Jesus has a lot to say about forgiveness. We could take up an entire page citing New Testament verses about forgiveness (there is much about forgiveness in the Old Testament too, but I digress). His message of forgiveness culminates at his crucifixion when he calls out to God to forgive his crucifiers, those that were mocking him, flogging him, and casting lots for his clothing. In the midst of his excruciating pain, Jesus recognized that the people did not understand what they were really doing. He asked his Father to intercede.

So, if Jesus can forgive his crucifiers, it seems that I should be able to figure this out - to drum up the ability to forgive. The problem is that I cannot do it on my own volition. If that worked, the forgiveness would have already happened.

A friend of mine offered a suggestion to me that has served me well. She suggested that, for now, the desire to forgive is all I need. Having the desire is sufficient. So, I have offered up that desire to forgive every night in prayer. I have told God that is all I know to do. This is followed by a few minutes in quiet contemplation, with no agenda other than remaining quiet. Sometimes in the quiet there are small, what I call "nudges" that I can sense.

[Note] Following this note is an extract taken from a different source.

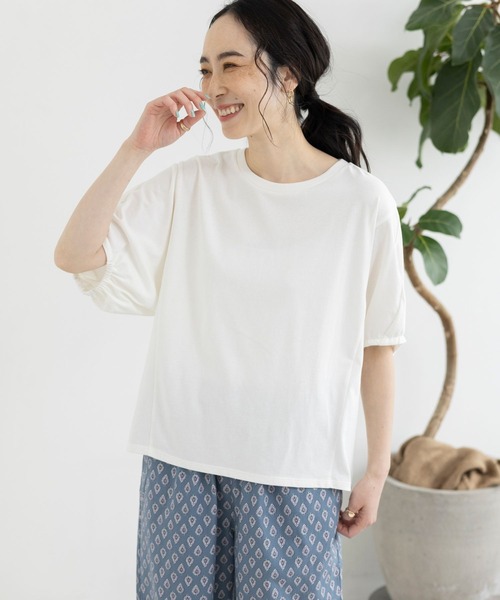 studio CLIP（スタディオクリップ）の「【イージーケア/接触冷感/部屋干し菌抑制】USAコットンパフスリーブTシャツ（Tシャツ/カットソー・レディース・その他1/オレンジ/ネイビー/オフホワイト/マスタード/その他2/ブラック・MEDIUM/LARGE）」の18枚目の写真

After having offered up my desire to forgive every night for a while (Father, forgive him, for he knows not what he does) something happened that helped remove some of this “shrapnel” from my heart. It was a stormy Friday night that would later turn into a nightmare of a tornado outbreak across several southern states. Early on in the storms, this person that I want to forgive sent me a text instructing me to watch the weather. Later, he texted again and said there was a rotating storm cell about a half mile to my west. At first, I suspected he was just trying to scare me. After all, there were several things that I suspected he had done recently to scare me or cause me headaches. I pulled up my weather app and I discovered that, sure enough, there was a rotating cell very close to me. I would not have known if he hadn’t texted me. What I realized after that text is that he does care enough about me to not want bad things to happen to me, even though we cannot have a friendship or be close any longer.

For whatever reason, that text has marked a turning point for me in my journey toward forgiveness. I believe that, because I had offered up my willingness to forgive during prayer, I became open enough to the idea of forgiveness that I was able to see the true motivation behind his text. I usually automatically steer toward negative thoughts when anything to do with him pops up in my life…but not this time. Well, to clarify that statement, I started with negative thinking/feeling when I first got the text, but once I realized it was done out of concern for me, all of the negativity melted away.

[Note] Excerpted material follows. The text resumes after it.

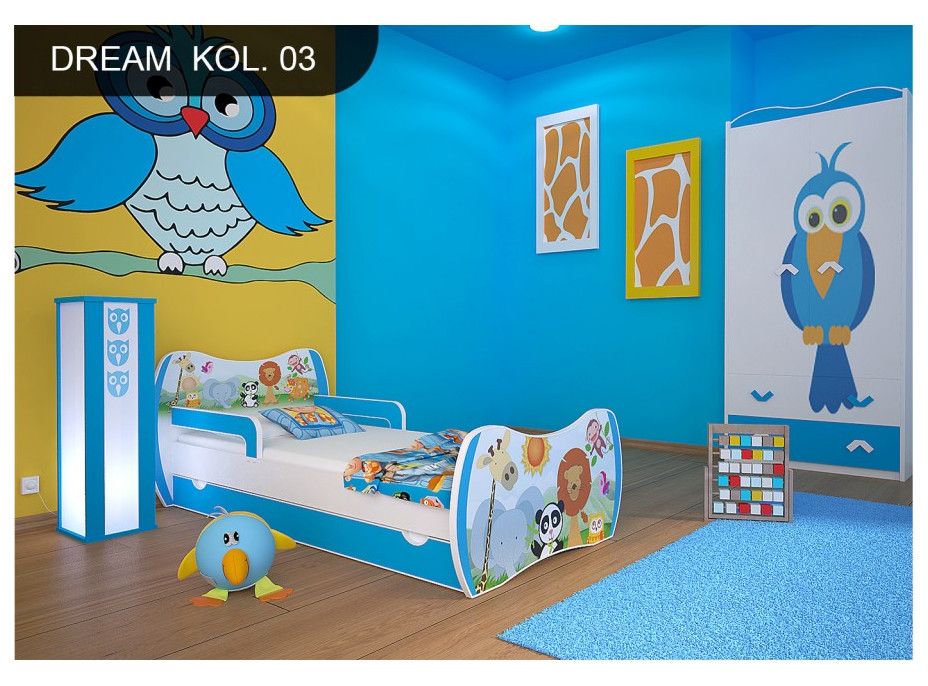 Dětská postel se šuplíkem 180x90cm ZVÍŘÁTKA + matrace ZDARMA!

Can I honestly say that I have forgiven him 100% now and that process has come to a conclusion for me? No, I can’t say that. To be honest, I am really not sure if or when the process will end. What I can say is that I have made a huge leap in the direction of forgiveness simply by being open to the possibility that everything he says or does might not be for the purpose of hurting me. I have made progress in my quest to forgive as the result of this incident (an incident I label as a “nudge from God”), which is one step toward wholeness for me. The key is to work in partnership with God.

I know that forgiveness is for my benefit, not the other person’s. The shrapnel in my heart only slices my own heart and not anyone else’s. That is why I am working towards it and remaining willing and open to new avenues that will lead me further along the road toward forgiveness.

Forgiveness is a process, not an event. So, if you can relate to my story in any way, take heart in knowing that it takes time. I can’t specify how long, because I’m not at the end yet, but peace can be found in being open to a nudge or two from God. We have to be quiet enough to recognize these little nudges, accept them and let the pieces of shrapnel fall away. Maybe this is how we gain a new - or renewed - happiness like Jacob did.